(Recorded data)
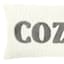 White Sherpa Cozy Oblong Throw Pillow, 13x20
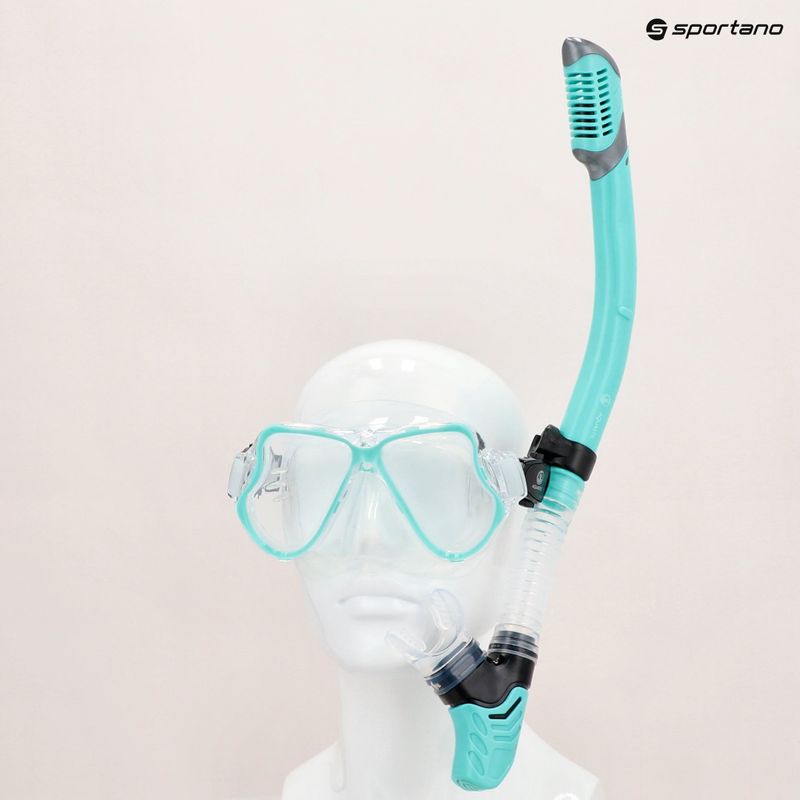 Zestaw do snorkelingu AQUASTIC MSFA-01SN niebieski 21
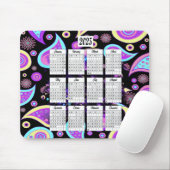 2025 Paisley-Designkalender Mousepad (Mit Mouse)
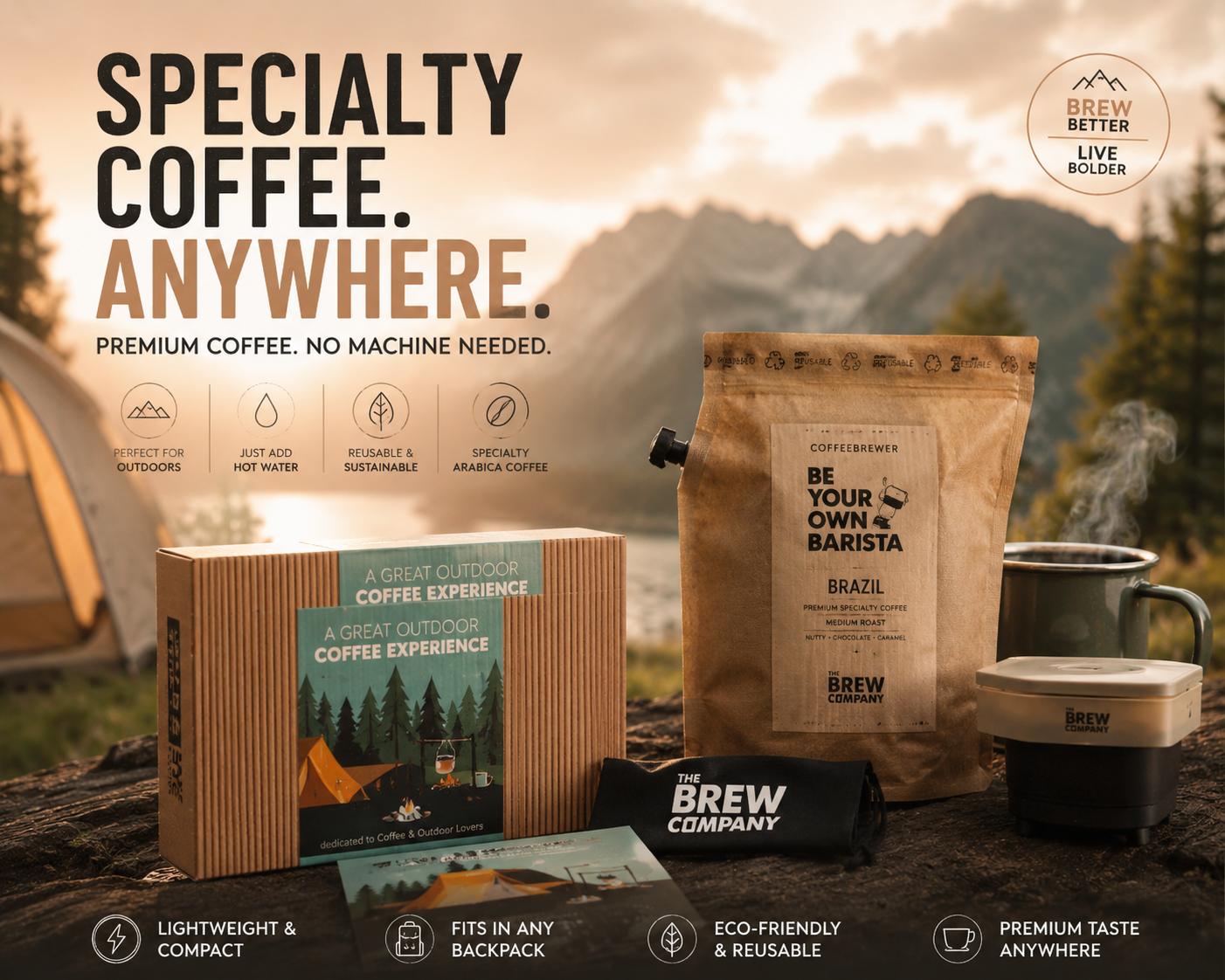 OUTDOOR SPECIALTY COFFEE PROBIERBOX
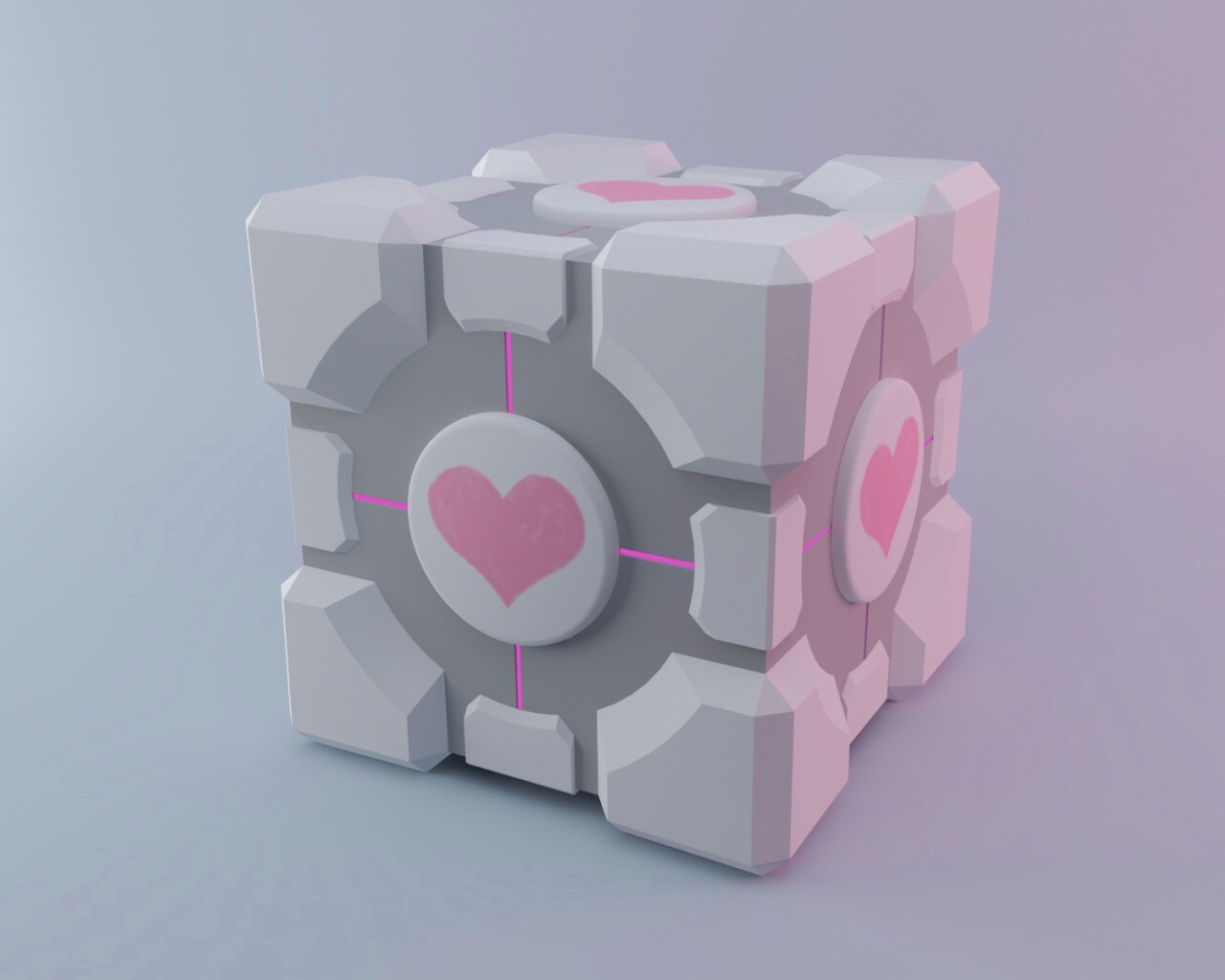 Взвешенный куб-компаньон обои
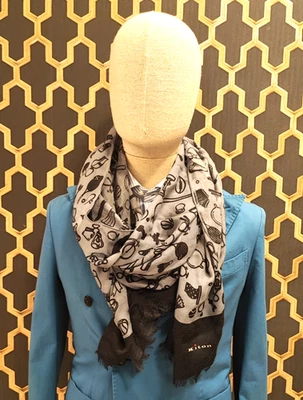 НОВЫЙ БЕЗ ЯРЛЫКОВ KITON ШАРФ УНИСЕКС СДЕЛАНО В ИТАЛИИ (A2) - Изображение 1 из 3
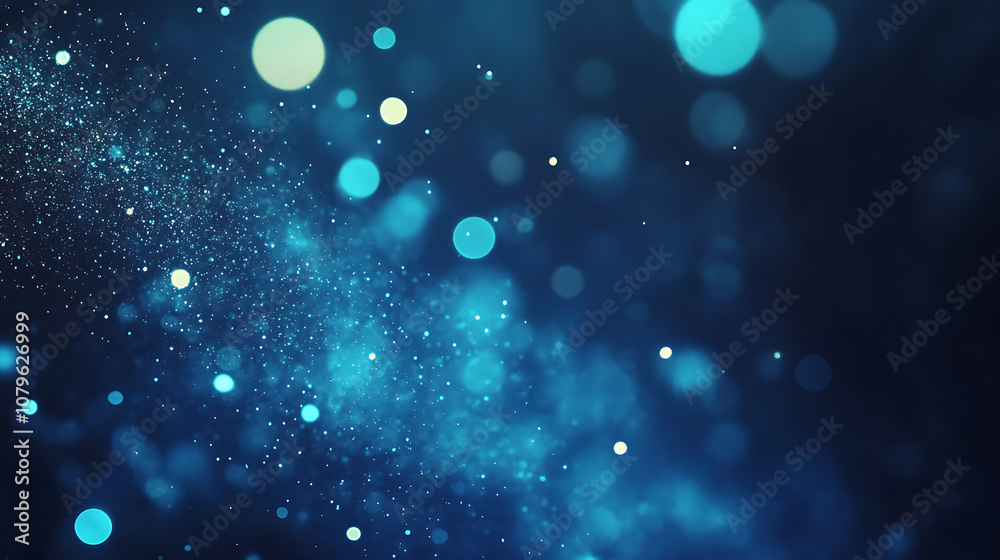 Abstract vector background featuring bokeh blue lights with sparkling circles and glowing texture Abstract vector background featuring bokeh blue lights with sparkling circles and glowing texture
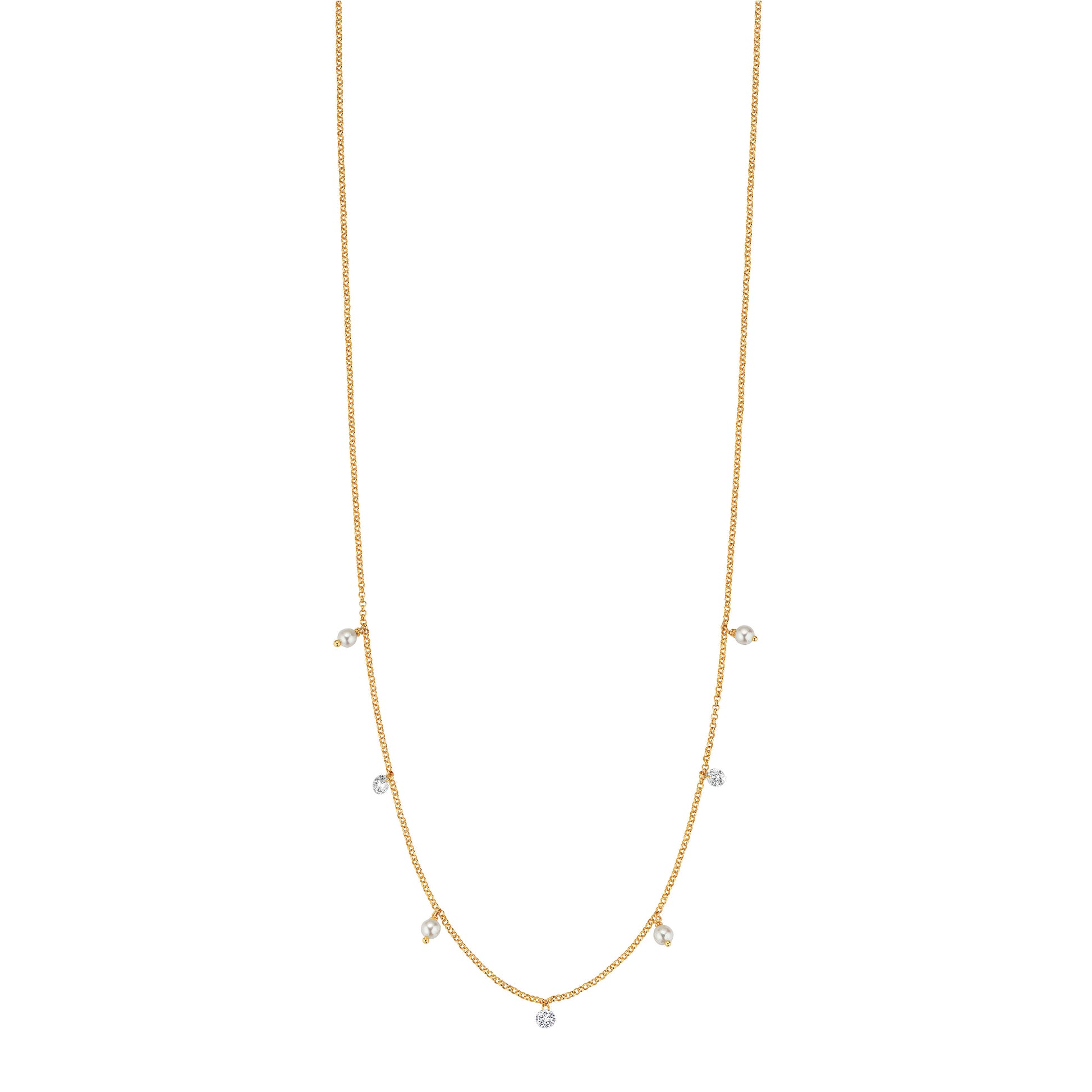 Bolero Collier, Gelbgold • Diamant von Gellner (2-81645-01)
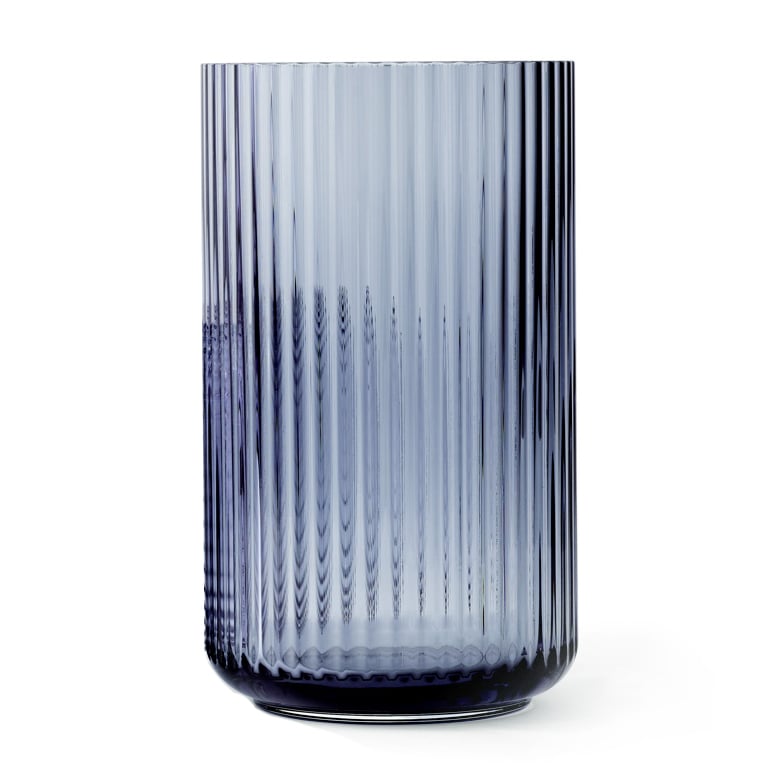 Lyngby Porcelæn Lyngby vase glas midnatsblå 31 cm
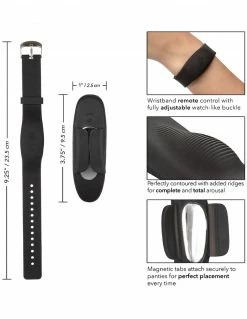 Lock-N-Play Vibrators Lock N Play Wristband Remote Panty Teaser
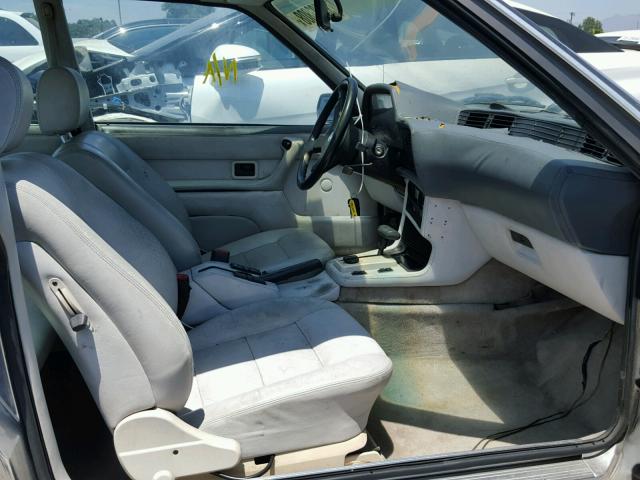 WBAEC8408H3265004 - 1987 BMW 635 CSI AU BLUE photo 5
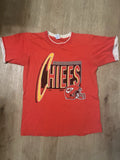 Vintage 90’s Kansas City Chiefs Salem Sportswear T Shirt Large Unisex , , , Long Sleeve Tee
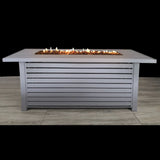 Propane / Gas Outdoor Fire Pit Table With Lid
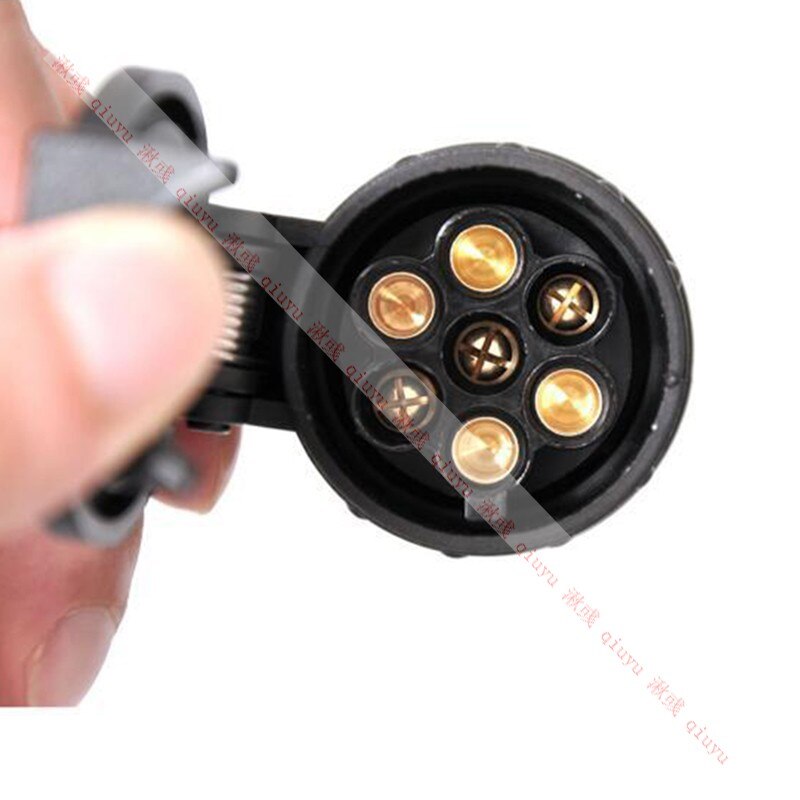 Durable 13 To 7 Pin Trailer Adapter Wiring Connector 12V Towbar Towing Waterproof Plugs Socket Adapter Protects Connections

_What the exercise asks_. Repeat exactly the lines above, beginning at the one containing "НОВЫЙ БЕЗ ЯРЛЫКОВ" and ending at the one containing "WBAEC8408H3265004 - 1987". Do not carry over any pictures.

_Task answer_.
 НОВЫЙ БЕЗ ЯРЛЫКОВ KITON ШАРФ УНИСЕКС СДЕЛАНО В ИТАЛИИ (A2) - Изображение 1 из 3
 Abstract vector background featuring bokeh blue lights with sparkling circles and glowing texture Abstract vector background featuring bokeh blue lights with sparkling circles and glowing texture
 Bolero Collier, Gelbgold • Diamant von Gellner (2-81645-01)
 Lyngby Porcelæn Lyngby vase glas midnatsblå 31 cm
 Lock-N-Play Vibrators Lock N Play Wristband Remote Panty Teaser
 WBAEC8408H3265004 - 1987 BMW 635 CSI AU BLUE photo 5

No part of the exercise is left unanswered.